Activity: Lines from the line with "Alberts ALBERTS Winkelprofil, ungleichsch., PVC" to the line with "Elegant Kitchen And" in the entries below, and only those, must be output exactly, with both ends included.

Data provided:
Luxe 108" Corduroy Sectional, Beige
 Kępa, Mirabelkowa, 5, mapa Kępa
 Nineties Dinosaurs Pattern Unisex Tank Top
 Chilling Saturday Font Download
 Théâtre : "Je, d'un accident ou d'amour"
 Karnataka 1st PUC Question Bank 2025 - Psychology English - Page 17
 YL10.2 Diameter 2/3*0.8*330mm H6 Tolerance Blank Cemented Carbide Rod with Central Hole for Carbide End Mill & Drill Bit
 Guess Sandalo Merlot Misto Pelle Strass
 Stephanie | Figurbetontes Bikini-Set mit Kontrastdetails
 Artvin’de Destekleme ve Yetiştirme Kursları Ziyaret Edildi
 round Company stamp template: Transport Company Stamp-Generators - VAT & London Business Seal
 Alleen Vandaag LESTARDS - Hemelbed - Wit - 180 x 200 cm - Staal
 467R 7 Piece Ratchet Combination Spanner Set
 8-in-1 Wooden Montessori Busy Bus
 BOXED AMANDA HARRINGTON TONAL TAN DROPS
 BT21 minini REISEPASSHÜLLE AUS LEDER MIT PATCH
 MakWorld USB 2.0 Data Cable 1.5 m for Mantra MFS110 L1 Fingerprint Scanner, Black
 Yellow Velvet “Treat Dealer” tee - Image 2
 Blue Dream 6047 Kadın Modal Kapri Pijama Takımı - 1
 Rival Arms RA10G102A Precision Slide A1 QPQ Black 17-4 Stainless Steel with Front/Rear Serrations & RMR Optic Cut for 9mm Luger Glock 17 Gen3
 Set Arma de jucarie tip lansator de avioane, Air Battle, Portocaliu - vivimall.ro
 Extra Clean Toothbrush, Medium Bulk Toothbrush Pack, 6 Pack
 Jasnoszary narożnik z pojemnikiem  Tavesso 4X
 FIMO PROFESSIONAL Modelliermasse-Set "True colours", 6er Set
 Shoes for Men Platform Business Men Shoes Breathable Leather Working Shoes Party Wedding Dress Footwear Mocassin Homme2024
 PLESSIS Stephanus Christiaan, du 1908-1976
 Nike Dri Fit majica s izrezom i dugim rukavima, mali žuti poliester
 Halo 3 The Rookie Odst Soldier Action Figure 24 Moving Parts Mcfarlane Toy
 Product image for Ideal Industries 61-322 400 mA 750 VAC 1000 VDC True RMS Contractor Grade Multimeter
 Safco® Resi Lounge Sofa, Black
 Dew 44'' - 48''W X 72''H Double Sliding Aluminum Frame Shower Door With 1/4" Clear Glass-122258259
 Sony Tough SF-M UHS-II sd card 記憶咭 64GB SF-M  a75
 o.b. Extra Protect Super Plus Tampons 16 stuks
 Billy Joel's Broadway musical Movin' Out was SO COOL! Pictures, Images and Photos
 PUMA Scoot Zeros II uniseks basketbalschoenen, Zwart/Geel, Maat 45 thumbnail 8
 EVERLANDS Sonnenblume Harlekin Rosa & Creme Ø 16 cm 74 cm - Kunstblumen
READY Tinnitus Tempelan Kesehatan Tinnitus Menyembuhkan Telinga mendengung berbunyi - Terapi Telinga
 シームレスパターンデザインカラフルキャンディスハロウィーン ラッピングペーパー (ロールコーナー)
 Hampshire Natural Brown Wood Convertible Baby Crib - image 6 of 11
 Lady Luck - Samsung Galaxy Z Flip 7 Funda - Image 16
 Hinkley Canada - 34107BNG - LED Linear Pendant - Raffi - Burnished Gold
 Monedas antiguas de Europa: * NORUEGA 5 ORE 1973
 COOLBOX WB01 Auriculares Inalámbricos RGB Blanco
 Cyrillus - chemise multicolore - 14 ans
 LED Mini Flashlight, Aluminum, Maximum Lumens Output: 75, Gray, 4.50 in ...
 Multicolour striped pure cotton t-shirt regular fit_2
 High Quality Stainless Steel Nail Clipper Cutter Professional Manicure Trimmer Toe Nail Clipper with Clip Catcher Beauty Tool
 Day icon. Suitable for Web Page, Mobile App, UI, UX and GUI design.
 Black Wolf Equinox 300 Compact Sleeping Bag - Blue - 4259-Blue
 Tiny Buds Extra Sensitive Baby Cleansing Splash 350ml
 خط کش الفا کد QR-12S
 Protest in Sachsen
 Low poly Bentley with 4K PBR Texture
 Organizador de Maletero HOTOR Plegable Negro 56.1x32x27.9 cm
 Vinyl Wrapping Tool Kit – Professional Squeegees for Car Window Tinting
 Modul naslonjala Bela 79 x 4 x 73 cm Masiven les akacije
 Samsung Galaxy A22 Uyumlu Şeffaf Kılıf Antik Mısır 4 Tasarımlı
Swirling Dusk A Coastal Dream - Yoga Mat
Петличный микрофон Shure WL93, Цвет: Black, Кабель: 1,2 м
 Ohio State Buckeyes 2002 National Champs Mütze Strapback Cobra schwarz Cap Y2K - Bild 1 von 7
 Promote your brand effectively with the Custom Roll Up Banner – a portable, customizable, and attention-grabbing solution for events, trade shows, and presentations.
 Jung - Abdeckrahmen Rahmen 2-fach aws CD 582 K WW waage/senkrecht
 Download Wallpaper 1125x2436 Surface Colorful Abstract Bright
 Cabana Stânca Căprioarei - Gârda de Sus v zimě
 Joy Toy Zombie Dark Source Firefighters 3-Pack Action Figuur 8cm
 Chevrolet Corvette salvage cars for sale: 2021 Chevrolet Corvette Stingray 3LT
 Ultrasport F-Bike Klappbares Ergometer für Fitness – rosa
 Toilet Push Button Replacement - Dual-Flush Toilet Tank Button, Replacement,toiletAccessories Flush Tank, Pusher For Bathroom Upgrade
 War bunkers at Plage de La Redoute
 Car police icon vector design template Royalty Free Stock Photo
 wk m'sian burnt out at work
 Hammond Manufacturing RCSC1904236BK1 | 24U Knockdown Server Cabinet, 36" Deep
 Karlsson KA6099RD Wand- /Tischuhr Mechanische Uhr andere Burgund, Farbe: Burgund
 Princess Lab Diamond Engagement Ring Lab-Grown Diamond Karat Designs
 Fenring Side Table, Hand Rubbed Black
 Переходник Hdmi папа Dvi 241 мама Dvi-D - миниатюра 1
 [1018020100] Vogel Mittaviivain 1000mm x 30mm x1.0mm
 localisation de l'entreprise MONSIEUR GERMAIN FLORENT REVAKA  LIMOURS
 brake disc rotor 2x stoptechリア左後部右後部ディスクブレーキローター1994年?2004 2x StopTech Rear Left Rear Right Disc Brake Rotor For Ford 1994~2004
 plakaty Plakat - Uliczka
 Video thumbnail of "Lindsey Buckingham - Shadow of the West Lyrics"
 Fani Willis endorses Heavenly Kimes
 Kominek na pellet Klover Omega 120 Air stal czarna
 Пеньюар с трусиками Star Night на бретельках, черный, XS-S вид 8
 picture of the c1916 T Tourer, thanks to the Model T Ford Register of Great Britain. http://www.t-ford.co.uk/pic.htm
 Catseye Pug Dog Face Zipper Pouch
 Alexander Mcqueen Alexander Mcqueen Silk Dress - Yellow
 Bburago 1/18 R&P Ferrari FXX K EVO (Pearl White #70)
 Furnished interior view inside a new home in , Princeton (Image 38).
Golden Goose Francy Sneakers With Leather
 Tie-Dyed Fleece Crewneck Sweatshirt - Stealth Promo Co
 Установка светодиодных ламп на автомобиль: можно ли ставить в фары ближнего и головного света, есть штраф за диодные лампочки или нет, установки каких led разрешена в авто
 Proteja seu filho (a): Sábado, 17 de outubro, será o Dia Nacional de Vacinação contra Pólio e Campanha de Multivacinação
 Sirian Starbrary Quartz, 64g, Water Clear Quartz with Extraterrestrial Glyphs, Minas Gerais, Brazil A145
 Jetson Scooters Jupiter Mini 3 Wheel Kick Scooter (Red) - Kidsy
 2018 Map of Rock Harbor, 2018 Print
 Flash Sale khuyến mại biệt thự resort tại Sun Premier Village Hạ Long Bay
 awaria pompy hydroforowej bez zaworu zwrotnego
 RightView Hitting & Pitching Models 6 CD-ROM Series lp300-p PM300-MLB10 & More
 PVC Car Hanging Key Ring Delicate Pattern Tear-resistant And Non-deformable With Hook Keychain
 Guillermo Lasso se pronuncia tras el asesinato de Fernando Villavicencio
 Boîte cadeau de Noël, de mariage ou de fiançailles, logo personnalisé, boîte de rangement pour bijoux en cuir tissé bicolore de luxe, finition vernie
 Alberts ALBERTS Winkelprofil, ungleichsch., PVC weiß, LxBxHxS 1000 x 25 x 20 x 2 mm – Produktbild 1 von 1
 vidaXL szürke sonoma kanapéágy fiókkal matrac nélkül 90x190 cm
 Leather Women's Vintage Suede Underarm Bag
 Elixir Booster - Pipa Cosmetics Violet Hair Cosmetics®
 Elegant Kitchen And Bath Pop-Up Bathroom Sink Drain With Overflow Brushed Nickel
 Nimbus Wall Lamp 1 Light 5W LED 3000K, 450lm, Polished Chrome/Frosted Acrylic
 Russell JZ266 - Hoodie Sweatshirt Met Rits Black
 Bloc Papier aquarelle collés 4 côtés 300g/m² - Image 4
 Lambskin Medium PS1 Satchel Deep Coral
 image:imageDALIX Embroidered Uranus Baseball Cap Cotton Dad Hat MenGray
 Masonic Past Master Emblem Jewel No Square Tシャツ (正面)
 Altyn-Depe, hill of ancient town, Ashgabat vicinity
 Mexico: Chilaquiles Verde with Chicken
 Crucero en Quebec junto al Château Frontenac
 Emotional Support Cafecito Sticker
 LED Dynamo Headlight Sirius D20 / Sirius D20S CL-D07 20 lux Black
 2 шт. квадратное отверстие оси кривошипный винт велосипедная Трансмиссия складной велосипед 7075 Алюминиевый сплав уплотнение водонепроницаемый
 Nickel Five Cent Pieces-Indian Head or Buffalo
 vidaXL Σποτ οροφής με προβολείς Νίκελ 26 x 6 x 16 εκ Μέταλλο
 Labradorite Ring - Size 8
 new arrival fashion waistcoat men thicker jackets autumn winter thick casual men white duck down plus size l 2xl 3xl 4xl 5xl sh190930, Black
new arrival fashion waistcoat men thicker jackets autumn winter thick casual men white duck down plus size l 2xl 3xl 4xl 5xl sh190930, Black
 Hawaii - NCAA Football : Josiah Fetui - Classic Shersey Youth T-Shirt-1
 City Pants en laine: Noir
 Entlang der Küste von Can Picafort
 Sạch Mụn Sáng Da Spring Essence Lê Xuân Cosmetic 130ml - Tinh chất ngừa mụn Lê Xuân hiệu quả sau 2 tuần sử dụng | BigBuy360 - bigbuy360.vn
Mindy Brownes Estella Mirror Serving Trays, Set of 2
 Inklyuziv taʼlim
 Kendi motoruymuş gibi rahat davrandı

Response to this exercise:
 Alberts ALBERTS Winkelprofil, ungleichsch., PVC weiß, LxBxHxS 1000 x 25 x 20 x 2 mm – Produktbild 1 von 1
 vidaXL szürke sonoma kanapéágy fiókkal matrac nélkül 90x190 cm
 Leather Women's Vintage Suede Underarm Bag
 Elixir Booster - Pipa Cosmetics Violet Hair Cosmetics®
 Elegant Kitchen And Bath Pop-Up Bathroom Sink Drain With Overflow Brushed Nickel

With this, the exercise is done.